Provided entries START

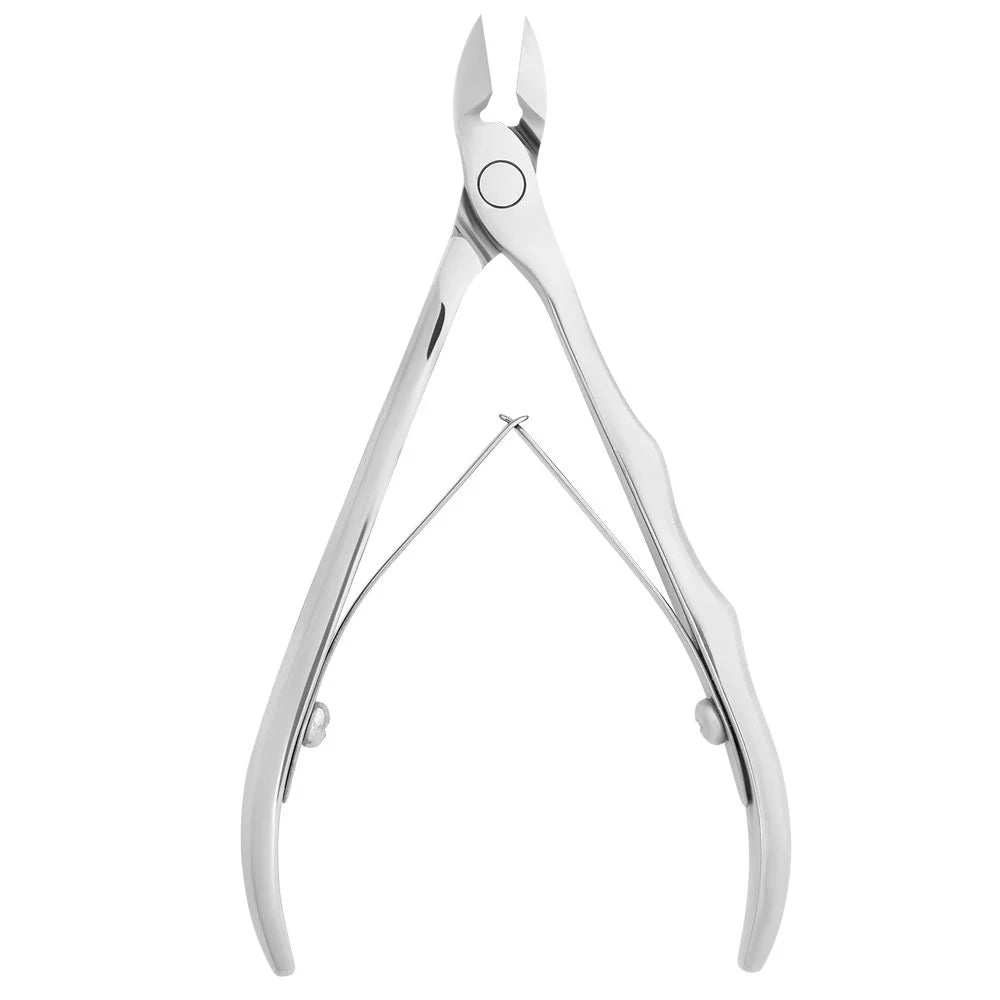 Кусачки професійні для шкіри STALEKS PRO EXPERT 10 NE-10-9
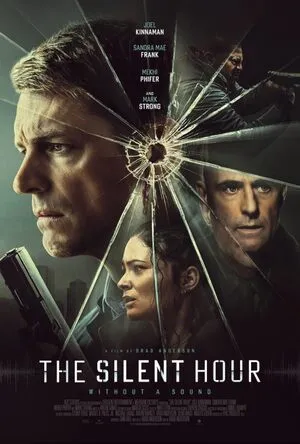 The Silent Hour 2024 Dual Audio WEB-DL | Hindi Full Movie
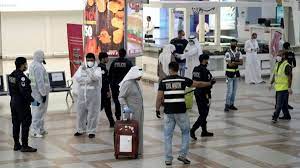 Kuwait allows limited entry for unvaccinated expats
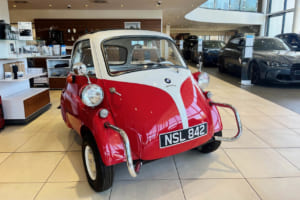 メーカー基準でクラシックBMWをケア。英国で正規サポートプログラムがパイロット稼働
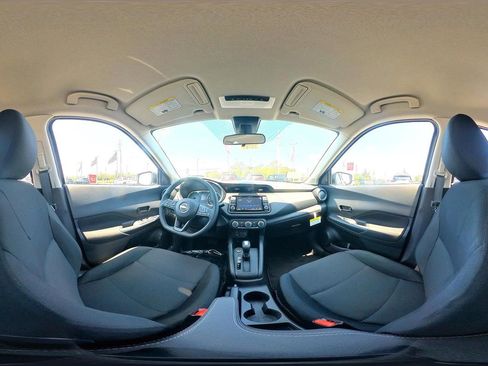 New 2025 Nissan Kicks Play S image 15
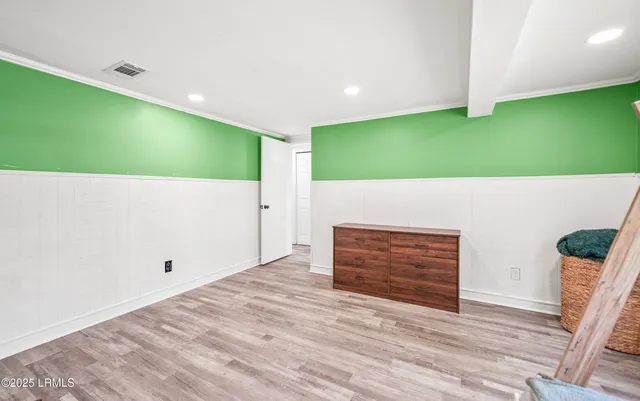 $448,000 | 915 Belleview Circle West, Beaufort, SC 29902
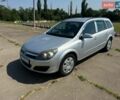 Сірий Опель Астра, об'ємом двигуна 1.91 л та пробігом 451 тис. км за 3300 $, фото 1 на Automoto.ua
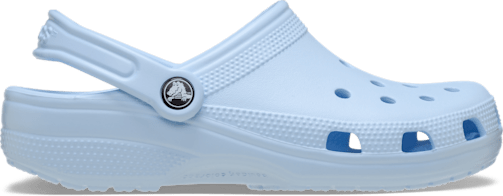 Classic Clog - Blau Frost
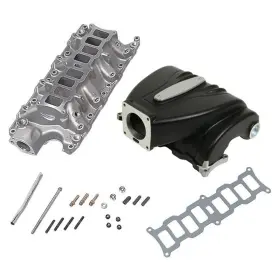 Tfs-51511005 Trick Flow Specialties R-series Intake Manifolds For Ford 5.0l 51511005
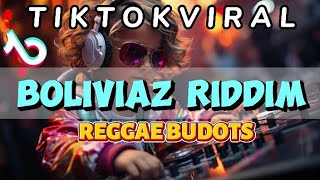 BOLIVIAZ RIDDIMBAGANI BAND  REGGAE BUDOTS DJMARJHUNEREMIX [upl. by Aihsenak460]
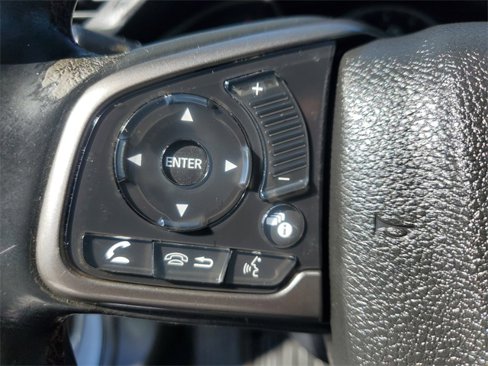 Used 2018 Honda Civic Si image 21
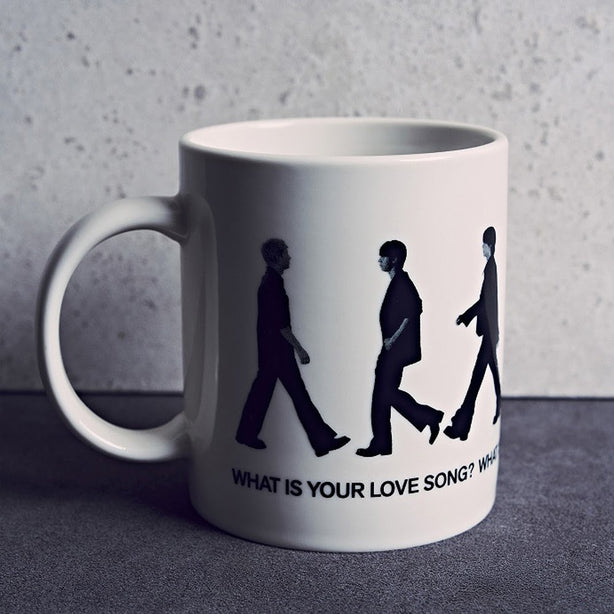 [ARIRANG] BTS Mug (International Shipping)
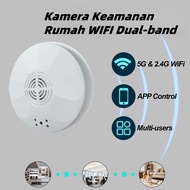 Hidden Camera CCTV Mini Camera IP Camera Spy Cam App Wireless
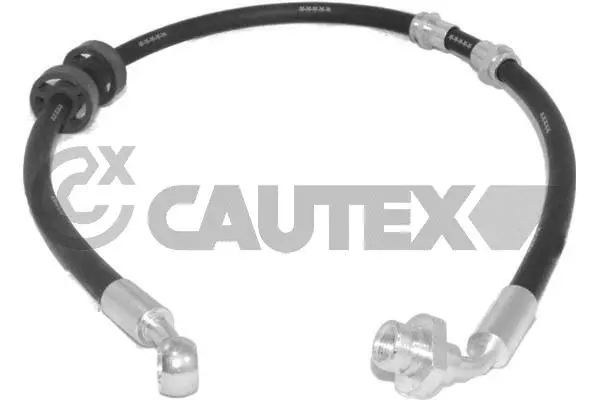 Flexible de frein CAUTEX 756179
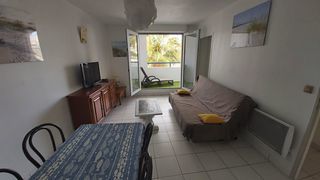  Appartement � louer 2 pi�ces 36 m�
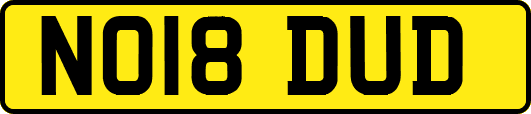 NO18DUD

Provided entries END
Provided entries START

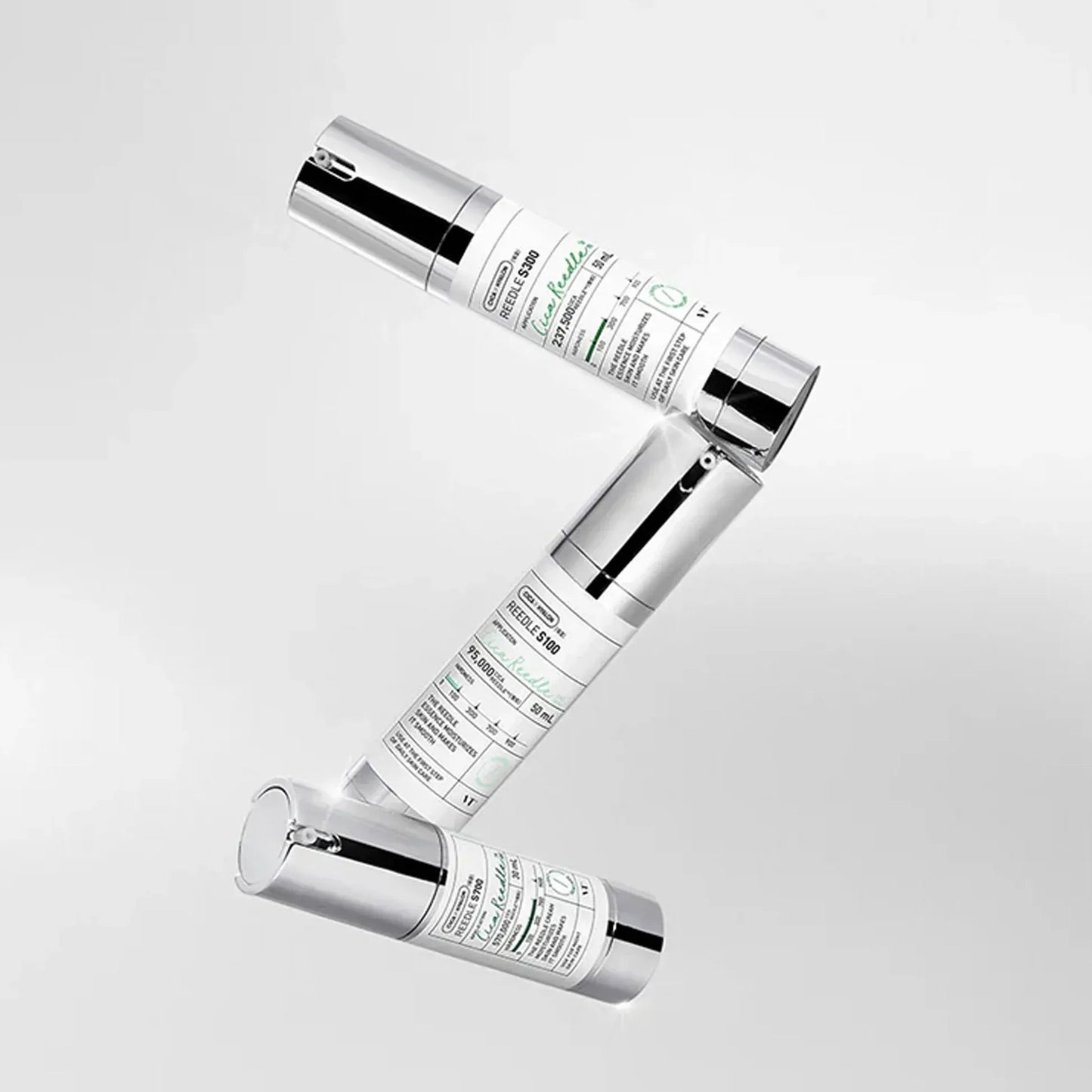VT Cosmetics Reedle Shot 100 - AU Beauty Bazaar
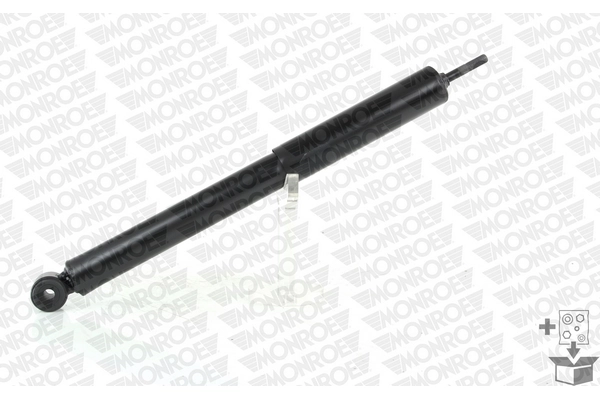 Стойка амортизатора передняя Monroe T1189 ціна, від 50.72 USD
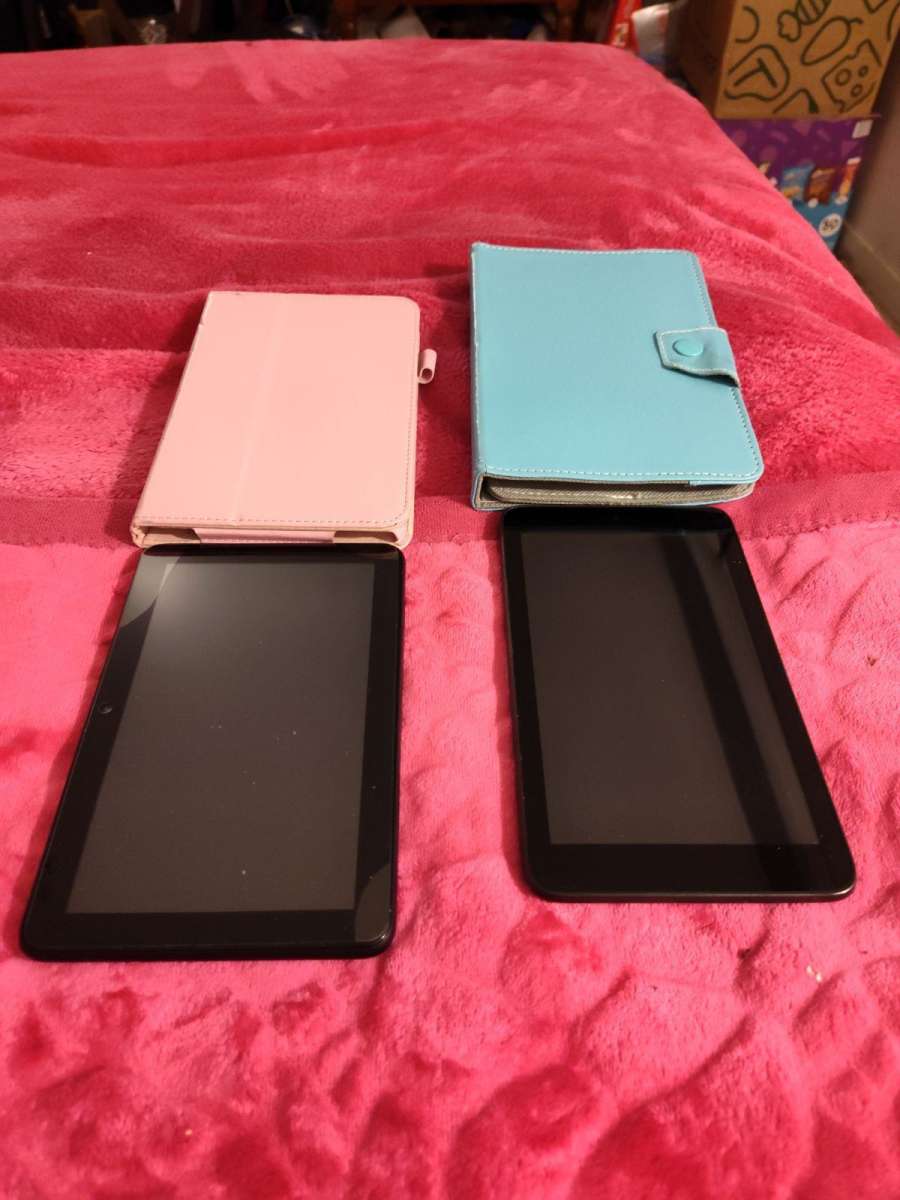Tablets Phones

Provided entries END

# [Work required]
Starting at the line containing "Кусачки професійні для" and stopping at the line containing "BOLIVIAZ RIDDIMBAGANI BAND", output every line above exactly, both ends included, with pictures omitted.

# [Exercise answer]
 Кусачки професійні для шкіри STALEKS PRO EXPERT 10 NE-10-9
 The Silent Hour 2024 Dual Audio WEB-DL | Hindi Full Movie
 Kuwait allows limited entry for unvaccinated expats
 メーカー基準でクラシックBMWをケア。英国で正規サポートプログラムがパイロット稼働
 New 2025 Nissan Kicks Play S image 15
 $448,000 | 915 Belleview Circle West, Beaufort, SC 29902
 Сірий Опель Астра, об'ємом двигуна 1.91 л та пробігом 451 тис. км за 3300 $, фото 1 на Automoto.ua
 Classic Clog - Blau Frost
 Tfs-51511005 Trick Flow Specialties R-series Intake Manifolds For Ford 5.0l 51511005
 BOLIVIAZ RIDDIMBAGANI BAND  REGGAE BUDOTS DJMARJHUNEREMIX [upl. by Aihsenak460]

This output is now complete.